With support and a little luck, that technology could become part of every jet engine built in the future, UMaine associate professor of electrical and computer engineering Mauricio Pereira da Cunha said Friday.
Da Cunha and a team of faculty, staff and student researchers at UM’s Laboratory for Surface Science & Technology have been developing the wireless, heat-resistant sensor, which allows maintenance workers to monitor temperature, pressure, corrosion and vibration inside an engine. It’s the first of its kind in the world, and its creators say it could revolutionize the jet engine maintenance industry.
Da Cunha said that now when an engine has problems, an engineer must disable the unit completely, which he pointed out is costly and often unnecessary. The new sensors would eliminate that need and reduce maintenance costs while improving engine efficiency, creating additional savings on fuel costs.

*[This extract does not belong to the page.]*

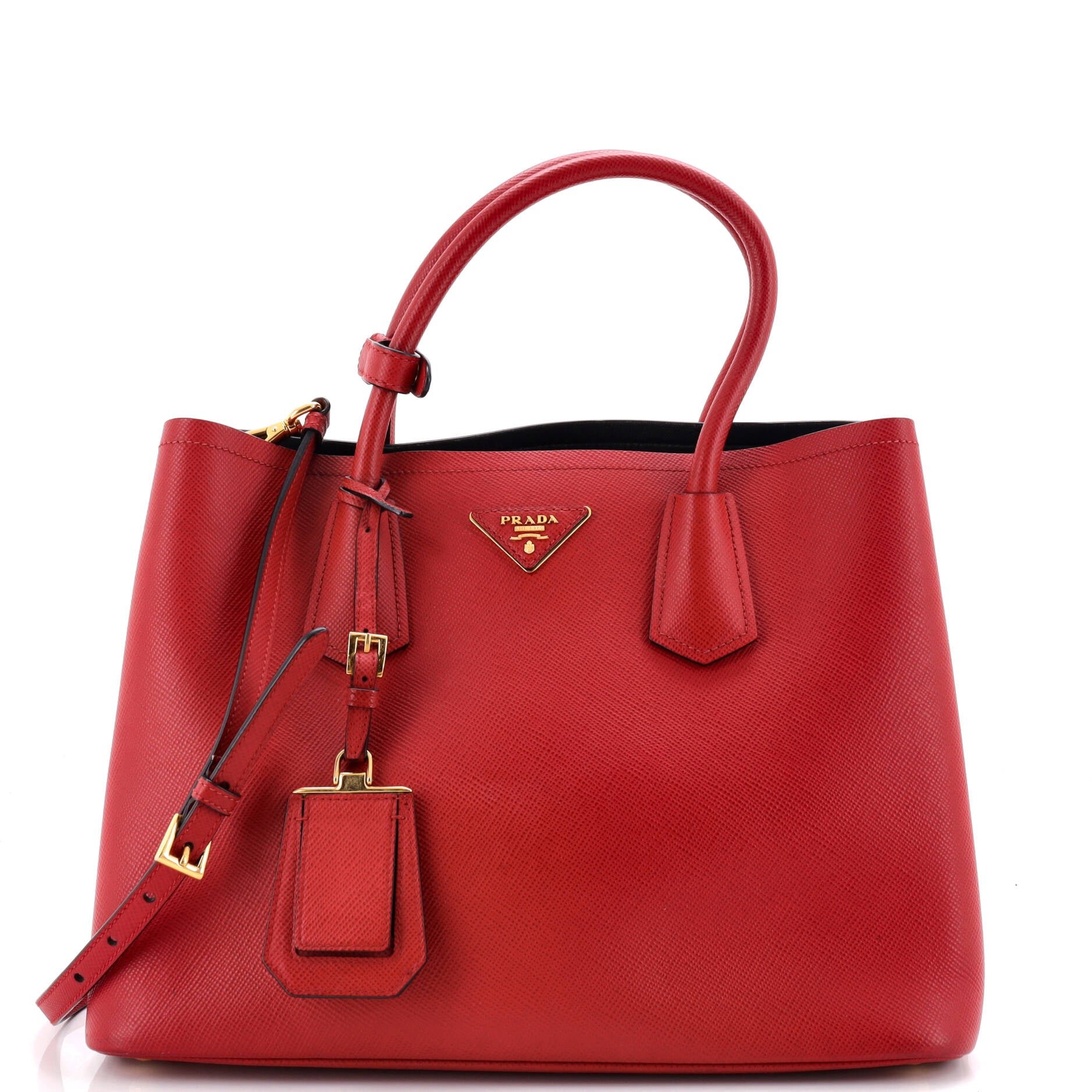 Cuir Double Tote Saffiano Leather Medium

After testing the sensors in university labs for months, researchers recently partnered with the Maine Air National Guard base in Bangor to perform those tests in a more realistic setting. The partners held a joint press conference Friday at the Bangor base to announce their progress and demonstrate the field testing.
“We’re proud to be a partner with them,” said Col. John Thomas, commander of the Guard’s 101st Maintenance Group, which lent researchers a dormant jet turbine engine from a 1957 military jet to perform the tests. “We’re always looking for ways to improve efficiency, and we hope this pays dividends and creates some savings.”
The sensors are able to withstand temperatures of up to 1,800 degrees Fahrenheit, more than twice as hot as any previous wireless sensor. So far, the sensors have held up.
Robert Lad, professor of physics and da Cunha’s lead research partner, said the one-of-a-kind technology pushes the limits of engine performance and maintenance.
“We’ve never been able to put sensors directly inside the engines,” he said.
Further field testing of the sensors will help validate their long-term reliability and accuracy before they go to market, da Cunha said. The sensors already have tremendous market potential and da Cunha said the research is being closely watched by companies such as Pratt & Whitney, Rolls Royce, Honeywell, General Electric, NASA and several branches of the U.S. military.
In general, it would be much easier to apply the sensors to new engines than to incorporate them into existing engines, he said.
So far, the UMaine research has been funded by the U.S. Air Force and U.S. Army, as well as university and state grant funds. Two patents have been awarded and three more are pending.
The university also has received more than $3.6 million to date from the Wright-Patterson Air Force Research Laboratory in Dayton, Ohio, to develop the technology for military and commercial use.
Finally, a new spinoff company, Environetix Technologies Corp., has formed at the Target Technology Incubator in Orono and employs several recent UMaine graduates.
“This has the potential to be a huge industry,” da Cunha said.